There are obviously other aspects to living (or surviving) cancer aside from survival. There are financial issues due to loss of work and the general astronomically high expense of being sick. I know about that, as I have spent more than twice the cost of my education on my healthcare, all while having decent, employer-paid insurance. That’s just what I have paid out, not what I accumulated in debt. One difference here is that there are a significant number of charitable organizations dedicated to helping cancer patients pay for their treatment, or to assisting with incidental things, like transportation, cooking, etc. There are no organizations like this for me in my state. There is exactly one that I know of.
Cancer patients and survivors may also have to contend with body image issues due to disfiguring surgeries and tissue/organ removal. I have multiple scars from biopsies, tumor removal, organ removal, and am the proud owner of a colostomy. I would contend that gives me an idea of what it’s like to be disfigured.

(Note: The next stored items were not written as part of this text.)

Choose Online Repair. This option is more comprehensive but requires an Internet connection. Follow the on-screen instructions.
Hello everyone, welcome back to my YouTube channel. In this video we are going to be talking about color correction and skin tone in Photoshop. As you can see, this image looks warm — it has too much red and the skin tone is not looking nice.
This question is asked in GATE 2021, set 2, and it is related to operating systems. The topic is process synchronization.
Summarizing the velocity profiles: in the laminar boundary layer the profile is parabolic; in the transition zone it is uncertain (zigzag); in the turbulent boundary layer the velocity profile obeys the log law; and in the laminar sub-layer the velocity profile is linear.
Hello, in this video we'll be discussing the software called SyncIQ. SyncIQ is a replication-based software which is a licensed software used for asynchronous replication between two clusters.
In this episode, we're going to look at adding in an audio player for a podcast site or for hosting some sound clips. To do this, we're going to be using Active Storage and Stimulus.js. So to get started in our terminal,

For many cancer patients, there is the chance to become a “survivor.” There is a chance that their disease can go into remission. That will never happen for people with any type of mast cell disease. There is no cure for our diseases. For those that need chemo, it is essentially a lifelong process of on for a year, off for a year, or something to that effect. I personally know someone who has been on chemo for nine years.

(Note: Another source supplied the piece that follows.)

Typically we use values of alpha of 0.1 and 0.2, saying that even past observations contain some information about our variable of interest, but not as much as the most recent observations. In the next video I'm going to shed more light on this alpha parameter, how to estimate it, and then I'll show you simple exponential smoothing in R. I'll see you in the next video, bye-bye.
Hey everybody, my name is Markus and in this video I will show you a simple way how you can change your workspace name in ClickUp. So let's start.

The cancer “equivalent” of advanced mast cell disease, which I estimate to be Stage III chronic myelogenous leukemia, provides a 95% chance of 5-year survival. That would be an improvement for many with mast cell disease.
I want to be very clear about something: I do not have a problem with cancer patients or survivors. I feel a lot of empathy for them, especially as we have a lot of shared experiences. We go the same places, see the same doctors, take the same medicine, have the same procedures. I know what it is like to have a doctor tell you how long you are likely to survive. I know what it is like to take dozens of pills a day, to spend 20+ hours a week at the hospital, to be so nauseous that you can’t sleep and so tired that your vision is blurry. I know what it is like to wonder if you will be able to do all the things you want to do before you die.
I have a problem with the idea in American society that physical illness is either cancer or not cancer, and that “not cancer” is inherently less severe. It particularly bothers me because advanced mast cell disease is so similar to blood cancers. But that’s not really the point. Is advanced multiple sclerosis less severe than prostate cancer, for which 5-year survival is 98.9%? Is HIV? Diabetes? The fact of the matter is that some people with HIV take their medications and exercise certain precautions, but otherwise live a pretty normal life. Someone with diabetes, a very well-known and manageable disease, gets a difficult to treat infection and they die. You can’t say cancer/not cancer because disease progression is inherently individual. Two people with the same disease can have completely different experiences.
The point is that disease is disease. It all sucks. None of us deserve any of it. We should all be afforded the same compassion and understanding. I love my life, I really do, but this shit is hard. It is really, really fucking hard.
But, hey! At least I don’t have cancer.